There’s some good reading on comics for tweens floating around this morning. First is an interview at Comic Book Resources with Jim Rugg, who will be providing the art for Cecil Castelluci’s Plain Janes for DC’s Minx line.

Rugg provides an interesting look into his creative process, how his approach to Plain Janes differed from his work on the much-loved Street Angel (Slave Labor Graphics), and the impossibility of pleasing all the people all the time:

“In order to maintain the commitment necessary to produce a comic, I need a high level of enthusiasm for the material. I’m not trying to make work for some future audience, I’m trying to make a page or scene or story that appeals to me. I value clarity when I’m designing a page or sequence but to imagine what other people want is impossible because every single person wants something different.”

I think the please-yourself approach tends to result in the best comics (and any creative work, really). It can also result in some pretty terrible ones, depending on who exactly is at the helm, but even then I’d rather see something awful that comes from a specific, personal place than a comic by committee.

That brings me to the one point of the interview that made me shake my head a bit.
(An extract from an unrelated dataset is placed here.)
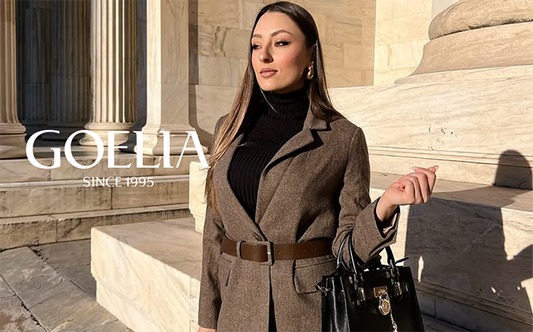 a lady in a dark brown blazer with a black turtleneck top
I think Rugg has some generally good points about brand names being less meaningful in the long run than the quality of the product they represent, but this argument struck me as kind of circular:

“The only way a name matters is if it’s something atrocious, something hard to remember or pronounce – Minx is fine, and just in case it does matter, DC commissioned focus groups in order to test various names. Minx won. So assuming that the name of an imprint/company does matter, I will defer to the teenage girls in the focus group rather than my opinion or the opinion of other adults.”
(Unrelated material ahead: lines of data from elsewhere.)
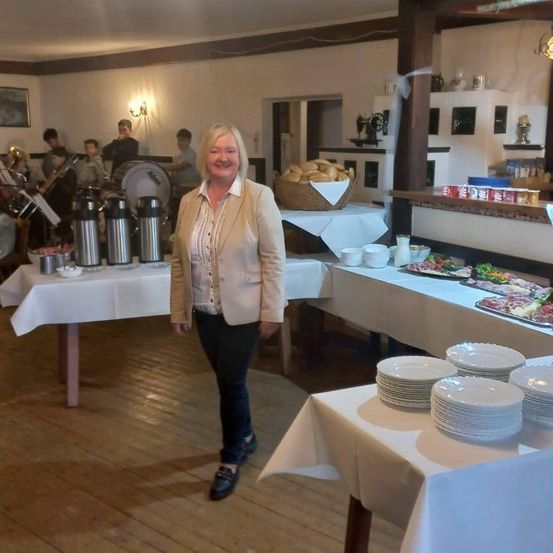 Eine lächelnde Frau steht in einem Raum in der Nähe eines Buffet-Tisches, mit einer Band im Hintergrund. Der Tisch hat Teller, Schüsseln und einen Korb mit Brot.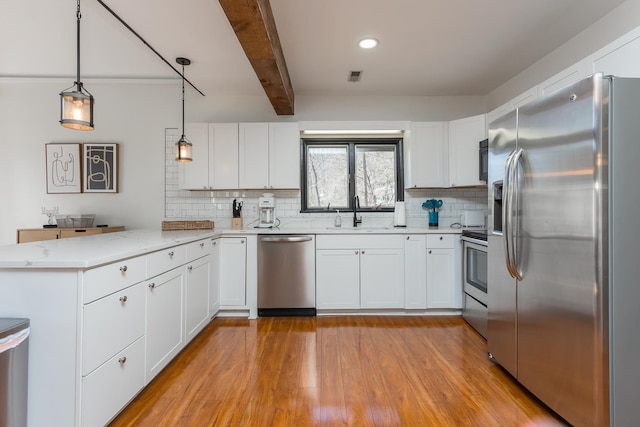 kitchen with appliances with stainless steel finishes, a peninsula, a sink, light wood-type flooring, and beam ceiling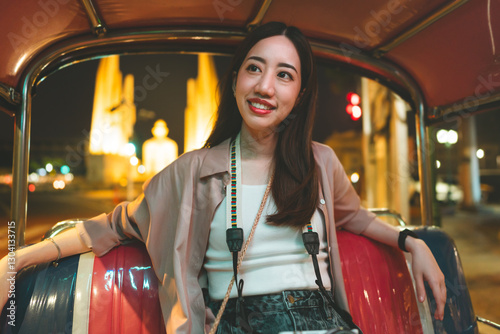 Photography Asian woman solo travel enjoy life moment night trip at Bangkok city sitting in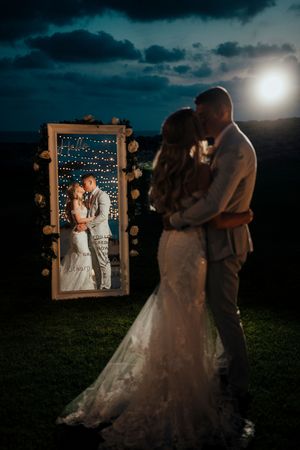 A romantic moonlit photo session featuring a couple posing in front of an illuminated picture frame under dark skies.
Oh, well, if the focus group liked it… It’s probably just a personal aversion, but focus-group endorsement actually makes me less enthusiastic about a marketing choice, even though I know a lot of my beloved manga lives or dies on audience feedback. But I’m a geezer. And probably kind of a hypocrite.

(For supplemental reading, check out Jennifer de Guzman’s inaugural column at Comic World News, where she talks about the migration of talent from smaller publishers like Slave Labor to Minx.)

Elsewhere, conversation continues on the great Archie experiment. Johanna Draper Carlson has been doing a fine job of tracking reaction and developments, and ICv2 has a column from comics retailer Steve Bennett on the subject. Bennett makes the (to me) reasonable argument that presenting different versions of iconic characters for specific audiences is a good thing:

“Meaning, this isn’t an either or situation, you can have classic and post-modern versions of characters existing side by side with each other. DC is already selectively practicing this. To appeal to the mainstream super-hero reader there’s the Trial of Shazam Captain Marvel and for everyone else there’s Jeff Smith’s upcoming rendition of the classic incarnation. It’ll probably come as no surprise that I prefer the utter wish fulfillment of the original, but until a lot more kids start coming into Dark Star I can’t ignore the way copies of Trial of Shazam has been flying off our shelves.”